:: Records supplied ::

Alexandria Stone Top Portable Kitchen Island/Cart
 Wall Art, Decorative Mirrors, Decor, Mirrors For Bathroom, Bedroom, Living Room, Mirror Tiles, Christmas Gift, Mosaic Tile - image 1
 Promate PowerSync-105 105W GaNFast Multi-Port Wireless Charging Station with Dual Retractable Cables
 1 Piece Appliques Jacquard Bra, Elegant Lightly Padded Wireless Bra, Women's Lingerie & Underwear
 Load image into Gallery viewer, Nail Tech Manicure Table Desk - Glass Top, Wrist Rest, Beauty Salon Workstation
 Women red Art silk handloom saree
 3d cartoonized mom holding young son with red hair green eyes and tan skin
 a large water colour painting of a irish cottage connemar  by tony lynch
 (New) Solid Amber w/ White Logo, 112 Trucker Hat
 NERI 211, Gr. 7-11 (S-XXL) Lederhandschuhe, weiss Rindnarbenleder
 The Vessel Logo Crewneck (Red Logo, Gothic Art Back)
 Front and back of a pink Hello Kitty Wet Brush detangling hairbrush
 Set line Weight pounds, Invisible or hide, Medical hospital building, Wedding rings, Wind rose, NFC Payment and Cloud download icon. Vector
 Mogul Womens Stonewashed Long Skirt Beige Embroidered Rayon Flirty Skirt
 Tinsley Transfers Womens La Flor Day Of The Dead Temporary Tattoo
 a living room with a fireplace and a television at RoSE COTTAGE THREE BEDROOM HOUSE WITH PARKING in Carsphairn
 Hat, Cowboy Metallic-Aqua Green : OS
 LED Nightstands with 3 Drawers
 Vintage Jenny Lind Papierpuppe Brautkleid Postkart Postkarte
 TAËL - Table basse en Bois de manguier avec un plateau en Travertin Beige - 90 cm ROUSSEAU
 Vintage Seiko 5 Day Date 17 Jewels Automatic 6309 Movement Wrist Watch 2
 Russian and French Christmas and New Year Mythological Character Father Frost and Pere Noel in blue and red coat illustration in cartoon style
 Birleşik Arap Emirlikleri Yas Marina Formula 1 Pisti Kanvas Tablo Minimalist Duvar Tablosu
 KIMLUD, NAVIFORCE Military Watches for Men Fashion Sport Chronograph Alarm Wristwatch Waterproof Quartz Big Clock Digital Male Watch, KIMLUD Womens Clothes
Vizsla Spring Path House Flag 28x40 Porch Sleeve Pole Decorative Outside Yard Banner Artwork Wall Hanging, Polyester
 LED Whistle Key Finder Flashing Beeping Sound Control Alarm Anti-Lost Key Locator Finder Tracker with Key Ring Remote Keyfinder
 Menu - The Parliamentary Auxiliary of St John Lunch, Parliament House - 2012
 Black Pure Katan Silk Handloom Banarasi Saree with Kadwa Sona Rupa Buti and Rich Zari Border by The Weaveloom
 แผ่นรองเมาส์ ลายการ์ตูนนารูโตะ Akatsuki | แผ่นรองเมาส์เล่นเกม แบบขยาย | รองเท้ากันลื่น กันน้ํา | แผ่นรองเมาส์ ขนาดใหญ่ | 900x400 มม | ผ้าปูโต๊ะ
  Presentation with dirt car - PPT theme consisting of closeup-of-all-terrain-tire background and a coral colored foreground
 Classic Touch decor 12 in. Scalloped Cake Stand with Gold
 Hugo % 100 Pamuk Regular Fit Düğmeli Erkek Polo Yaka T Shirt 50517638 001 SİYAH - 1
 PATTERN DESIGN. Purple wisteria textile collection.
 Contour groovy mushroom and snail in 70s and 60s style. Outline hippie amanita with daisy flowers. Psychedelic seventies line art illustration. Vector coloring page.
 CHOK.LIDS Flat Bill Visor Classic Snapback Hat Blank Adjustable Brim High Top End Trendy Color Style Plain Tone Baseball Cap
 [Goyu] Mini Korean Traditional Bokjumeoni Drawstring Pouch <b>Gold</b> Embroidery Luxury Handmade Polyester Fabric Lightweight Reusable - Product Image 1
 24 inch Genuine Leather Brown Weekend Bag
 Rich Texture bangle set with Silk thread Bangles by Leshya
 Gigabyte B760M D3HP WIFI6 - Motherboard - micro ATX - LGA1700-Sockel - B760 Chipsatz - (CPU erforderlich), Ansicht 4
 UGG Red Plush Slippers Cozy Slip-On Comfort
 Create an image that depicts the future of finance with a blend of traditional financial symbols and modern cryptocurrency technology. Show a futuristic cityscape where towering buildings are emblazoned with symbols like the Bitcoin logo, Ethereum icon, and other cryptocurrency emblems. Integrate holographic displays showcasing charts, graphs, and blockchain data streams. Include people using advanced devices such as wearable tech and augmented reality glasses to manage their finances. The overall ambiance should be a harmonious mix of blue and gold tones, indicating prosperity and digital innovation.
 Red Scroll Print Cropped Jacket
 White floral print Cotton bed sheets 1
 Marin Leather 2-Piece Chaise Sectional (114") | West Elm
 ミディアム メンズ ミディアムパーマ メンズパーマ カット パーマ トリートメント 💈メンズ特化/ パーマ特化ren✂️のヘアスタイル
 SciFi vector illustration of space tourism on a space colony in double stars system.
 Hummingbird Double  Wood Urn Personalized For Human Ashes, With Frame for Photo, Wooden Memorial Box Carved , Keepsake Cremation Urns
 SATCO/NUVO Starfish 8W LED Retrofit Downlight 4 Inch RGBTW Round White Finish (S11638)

:::

● Task instructions
The task requires an exact copy of all the lines above.

● Exercise response
Alexandria Stone Top Portable Kitchen Island/Cart
 Wall Art, Decorative Mirrors, Decor, Mirrors For Bathroom, Bedroom, Living Room, Mirror Tiles, Christmas Gift, Mosaic Tile - image 1
 Promate PowerSync-105 105W GaNFast Multi-Port Wireless Charging Station with Dual Retractable Cables
 1 Piece Appliques Jacquard Bra, Elegant Lightly Padded Wireless Bra, Women's Lingerie & Underwear
 Load image into Gallery viewer, Nail Tech Manicure Table Desk - Glass Top, Wrist Rest, Beauty Salon Workstation
 Women red Art silk handloom saree
 3d cartoonized mom holding young son with red hair green eyes and tan skin
 a large water colour painting of a irish cottage connemar  by tony lynch
 (New) Solid Amber w/ White Logo, 112 Trucker Hat
 NERI 211, Gr. 7-11 (S-XXL) Lederhandschuhe, weiss Rindnarbenleder
 The Vessel Logo Crewneck (Red Logo, Gothic Art Back)
 Front and back of a pink Hello Kitty Wet Brush detangling hairbrush
 Set line Weight pounds, Invisible or hide, Medical hospital building, Wedding rings, Wind rose, NFC Payment and Cloud download icon. Vector
 Mogul Womens Stonewashed Long Skirt Beige Embroidered Rayon Flirty Skirt
 Tinsley Transfers Womens La Flor Day Of The Dead Temporary Tattoo
 a living room with a fireplace and a television at RoSE COTTAGE THREE BEDROOM HOUSE WITH PARKING in Carsphairn
 Hat, Cowboy Metallic-Aqua Green : OS
 LED Nightstands with 3 Drawers
 Vintage Jenny Lind Papierpuppe Brautkleid Postkart Postkarte
 TAËL - Table basse en Bois de manguier avec un plateau en Travertin Beige - 90 cm ROUSSEAU
 Vintage Seiko 5 Day Date 17 Jewels Automatic 6309 Movement Wrist Watch 2
 Russian and French Christmas and New Year Mythological Character Father Frost and Pere Noel in blue and red coat illustration in cartoon style
 Birleşik Arap Emirlikleri Yas Marina Formula 1 Pisti Kanvas Tablo Minimalist Duvar Tablosu
 KIMLUD, NAVIFORCE Military Watches for Men Fashion Sport Chronograph Alarm Wristwatch Waterproof Quartz Big Clock Digital Male Watch, KIMLUD Womens Clothes
Vizsla Spring Path House Flag 28x40 Porch Sleeve Pole Decorative Outside Yard Banner Artwork Wall Hanging, Polyester
 LED Whistle Key Finder Flashing Beeping Sound Control Alarm Anti-Lost Key Locator Finder Tracker with Key Ring Remote Keyfinder
 Menu - The Parliamentary Auxiliary of St John Lunch, Parliament House - 2012
 Black Pure Katan Silk Handloom Banarasi Saree with Kadwa Sona Rupa Buti and Rich Zari Border by The Weaveloom
 แผ่นรองเมาส์ ลายการ์ตูนนารูโตะ Akatsuki | แผ่นรองเมาส์เล่นเกม แบบขยาย | รองเท้ากันลื่น กันน้ํา | แผ่นรองเมาส์ ขนาดใหญ่ | 900x400 มม | ผ้าปูโต๊ะ
  Presentation with dirt car - PPT theme consisting of closeup-of-all-terrain-tire background and a coral colored foreground
 Classic Touch decor 12 in. Scalloped Cake Stand with Gold
 Hugo % 100 Pamuk Regular Fit Düğmeli Erkek Polo Yaka T Shirt 50517638 001 SİYAH - 1
 PATTERN DESIGN. Purple wisteria textile collection.
 Contour groovy mushroom and snail in 70s and 60s style. Outline hippie amanita with daisy flowers. Psychedelic seventies line art illustration. Vector coloring page.
 CHOK.LIDS Flat Bill Visor Classic Snapback Hat Blank Adjustable Brim High Top End Trendy Color Style Plain Tone Baseball Cap
 [Goyu] Mini Korean Traditional Bokjumeoni Drawstring Pouch <b>Gold</b> Embroidery Luxury Handmade Polyester Fabric Lightweight Reusable - Product Image 1
 24 inch Genuine Leather Brown Weekend Bag
 Rich Texture bangle set with Silk thread Bangles by Leshya
 Gigabyte B760M D3HP WIFI6 - Motherboard - micro ATX - LGA1700-Sockel - B760 Chipsatz - (CPU erforderlich), Ansicht 4
 UGG Red Plush Slippers Cozy Slip-On Comfort
 Create an image that depicts the future of finance with a blend of traditional financial symbols and modern cryptocurrency technology. Show a futuristic cityscape where towering buildings are emblazoned with symbols like the Bitcoin logo, Ethereum icon, and other cryptocurrency emblems. Integrate holographic displays showcasing charts, graphs, and blockchain data streams. Include people using advanced devices such as wearable tech and augmented reality glasses to manage their finances. The overall ambiance should be a harmonious mix of blue and gold tones, indicating prosperity and digital innovation.
 Red Scroll Print Cropped Jacket
 White floral print Cotton bed sheets 1
 Marin Leather 2-Piece Chaise Sectional (114") | West Elm
 ミディアム メンズ ミディアムパーマ メンズパーマ カット パーマ トリートメント 💈メンズ特化/ パーマ特化ren✂️のヘアスタイル
 SciFi vector illustration of space tourism on a space colony in double stars system.
 Hummingbird Double  Wood Urn Personalized For Human Ashes, With Frame for Photo, Wooden Memorial Box Carved , Keepsake Cremation Urns
 SATCO/NUVO Starfish 8W LED Retrofit Downlight 4 Inch RGBTW Round White Finish (S11638)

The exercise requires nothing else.